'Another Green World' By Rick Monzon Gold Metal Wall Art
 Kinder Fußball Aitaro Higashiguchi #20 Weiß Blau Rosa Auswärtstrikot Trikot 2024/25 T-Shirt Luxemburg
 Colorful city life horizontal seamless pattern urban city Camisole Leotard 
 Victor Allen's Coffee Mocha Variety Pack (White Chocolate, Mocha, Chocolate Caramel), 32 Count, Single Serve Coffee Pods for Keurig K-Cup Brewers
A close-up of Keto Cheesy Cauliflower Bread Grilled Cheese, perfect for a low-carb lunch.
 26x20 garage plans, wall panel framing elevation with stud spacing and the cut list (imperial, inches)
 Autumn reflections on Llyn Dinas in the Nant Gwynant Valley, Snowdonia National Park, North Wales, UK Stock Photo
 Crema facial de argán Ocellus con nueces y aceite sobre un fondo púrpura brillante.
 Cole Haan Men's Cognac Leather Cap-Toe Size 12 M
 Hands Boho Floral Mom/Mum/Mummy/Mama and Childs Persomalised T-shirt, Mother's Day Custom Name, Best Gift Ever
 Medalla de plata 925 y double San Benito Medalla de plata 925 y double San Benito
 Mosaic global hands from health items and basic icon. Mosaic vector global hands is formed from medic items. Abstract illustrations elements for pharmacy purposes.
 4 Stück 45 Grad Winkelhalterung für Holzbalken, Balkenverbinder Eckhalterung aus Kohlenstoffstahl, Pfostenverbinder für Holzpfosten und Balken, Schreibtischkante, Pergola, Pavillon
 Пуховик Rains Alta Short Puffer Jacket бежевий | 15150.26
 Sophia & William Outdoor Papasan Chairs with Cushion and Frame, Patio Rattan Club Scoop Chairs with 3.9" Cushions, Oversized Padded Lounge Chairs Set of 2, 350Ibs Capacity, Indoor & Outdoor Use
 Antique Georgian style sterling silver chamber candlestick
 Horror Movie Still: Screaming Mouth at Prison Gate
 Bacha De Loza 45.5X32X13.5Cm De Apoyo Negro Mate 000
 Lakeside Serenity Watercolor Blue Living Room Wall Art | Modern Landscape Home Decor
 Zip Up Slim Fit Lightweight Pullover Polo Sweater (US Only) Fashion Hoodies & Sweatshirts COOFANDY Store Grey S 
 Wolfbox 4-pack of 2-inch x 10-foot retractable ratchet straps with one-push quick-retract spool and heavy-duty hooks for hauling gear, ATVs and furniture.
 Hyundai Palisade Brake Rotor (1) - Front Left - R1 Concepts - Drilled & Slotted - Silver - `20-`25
************
From the records above, retype only the lines starting at the line that contains "Kinder Fußball Aitaro" and ending at the line that contains "A close-up of", both included.

Written response:
 Kinder Fußball Aitaro Higashiguchi #20 Weiß Blau Rosa Auswärtstrikot Trikot 2024/25 T-Shirt Luxemburg
 Colorful city life horizontal seamless pattern urban city Camisole Leotard 
 Victor Allen's Coffee Mocha Variety Pack (White Chocolate, Mocha, Chocolate Caramel), 32 Count, Single Serve Coffee Pods for Keurig K-Cup Brewers
A close-up of Keto Cheesy Cauliflower Bread Grilled Cheese, perfect for a low-carb lunch.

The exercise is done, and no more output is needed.